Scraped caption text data
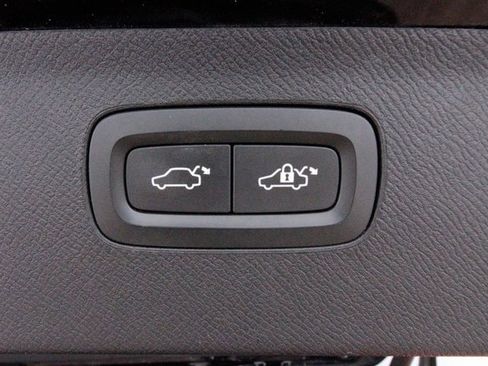 Used 2018 Volvo XC90 T6 Momentum w/ Convenience Package image 37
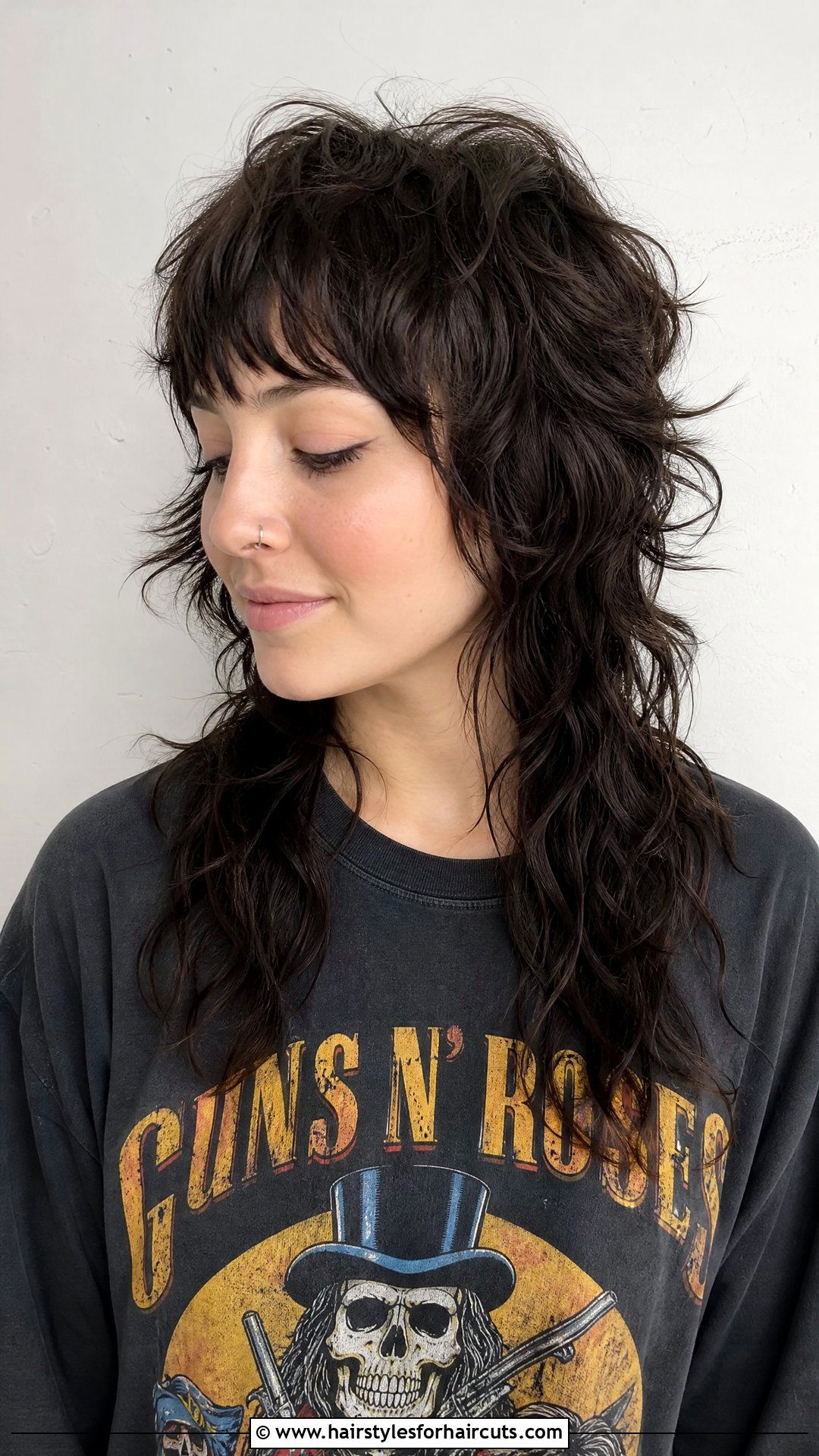 Chopped Wavy Mullet - 25 2b curly hairstyles - 25 2b curly hairstyles
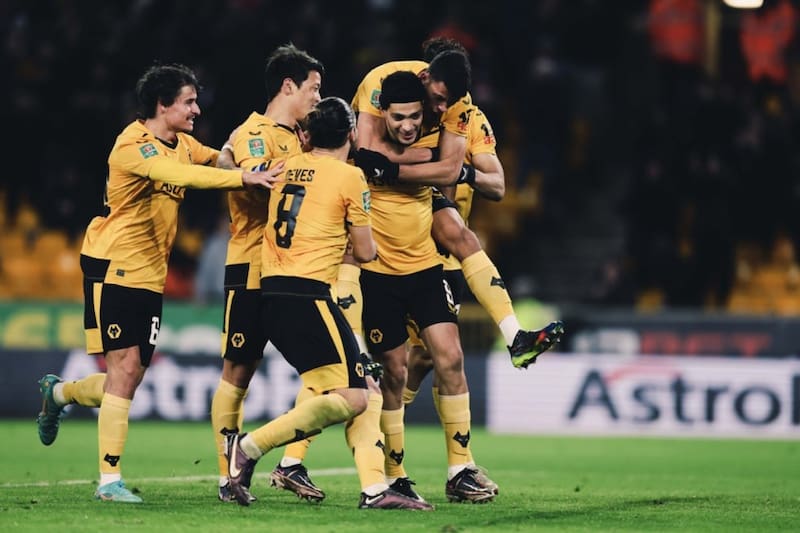 El mexicano sería considerado en los Wolves para la temporada 2023-24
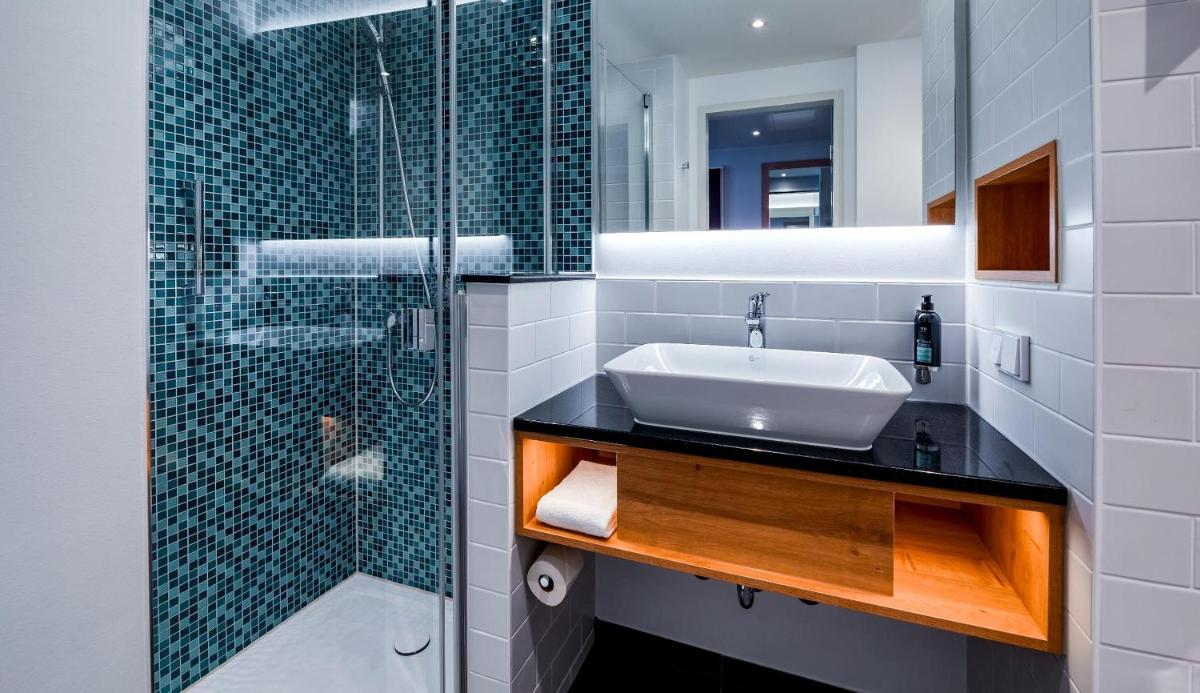 Premier Inn München Airport Süd - Housity
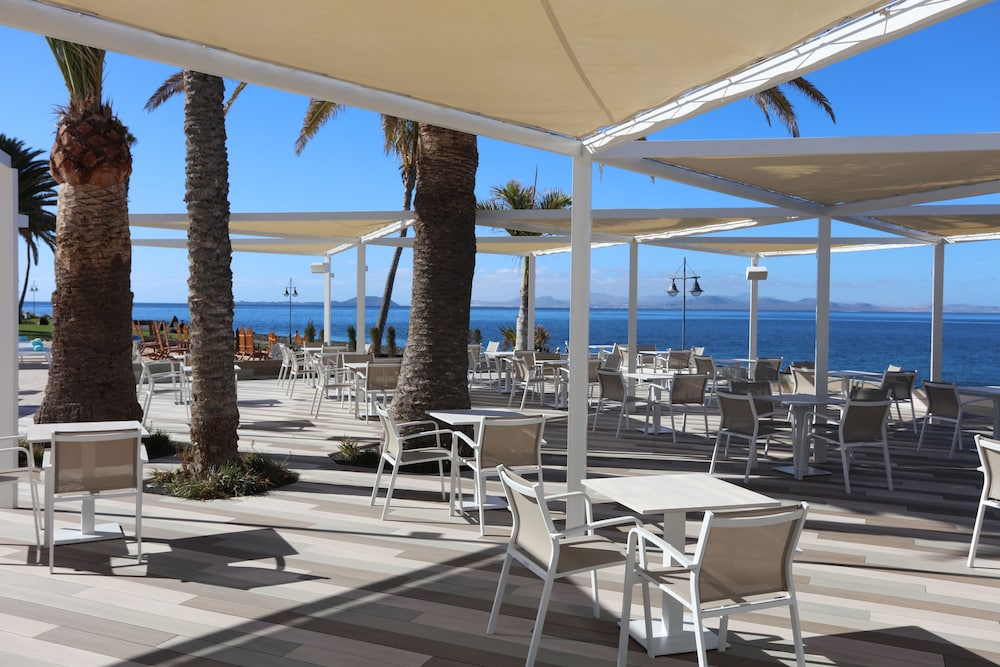 Iberostar Selection Lanzarote Park — Restaurant & bars in Playa Blanca, Canary Islands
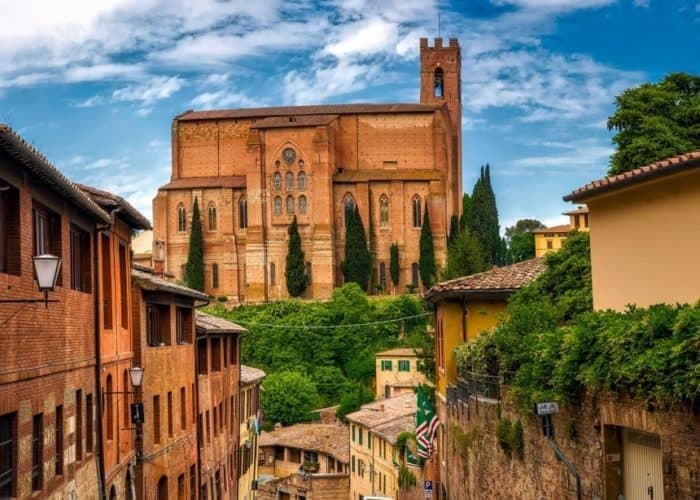 Pisa, Lucca and wine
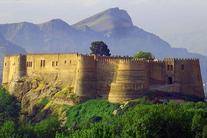 هشدار درباره نشست قلعه تاریخی فلک‌الافلاک در خرم آباد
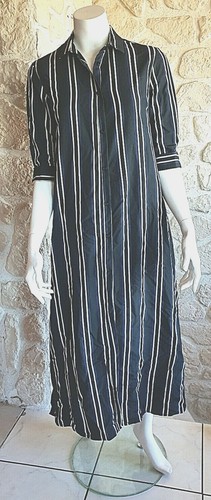 Robe boutons noire avec - à,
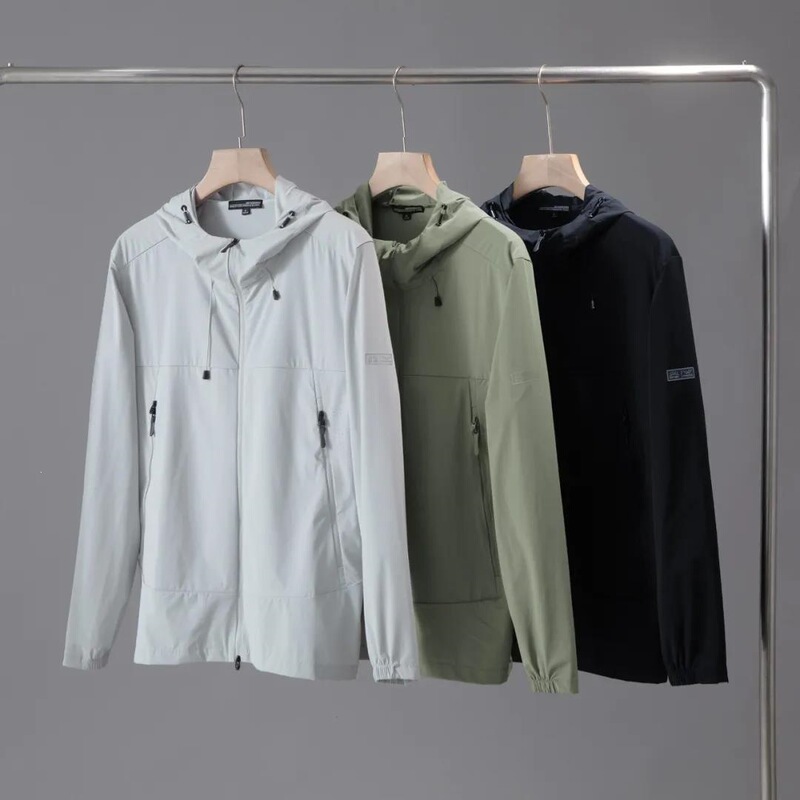 Professional Outdoor Skin Jacket with Hood That Combines Coolness/Breathability/Windproofness/Waterproofness/Sun Protection in One Package 12121 Professional Outdoor Skin Jacket with Hood That Combines Coolness/Breathability/Windproofness/Waterproofness/Sun Protection in One Package 12121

### Task to complete
Give the lines above again exactly, from the one containing "Pisa, Lucca and wine" to the one containing "Robe boutons noire", both included, but leave out the pictures.

### Exercise solution
 Pisa, Lucca and wine
 هشدار درباره نشست قلعه تاریخی فلک‌الافلاک در خرم آباد
 Robe boutons noire avec - à,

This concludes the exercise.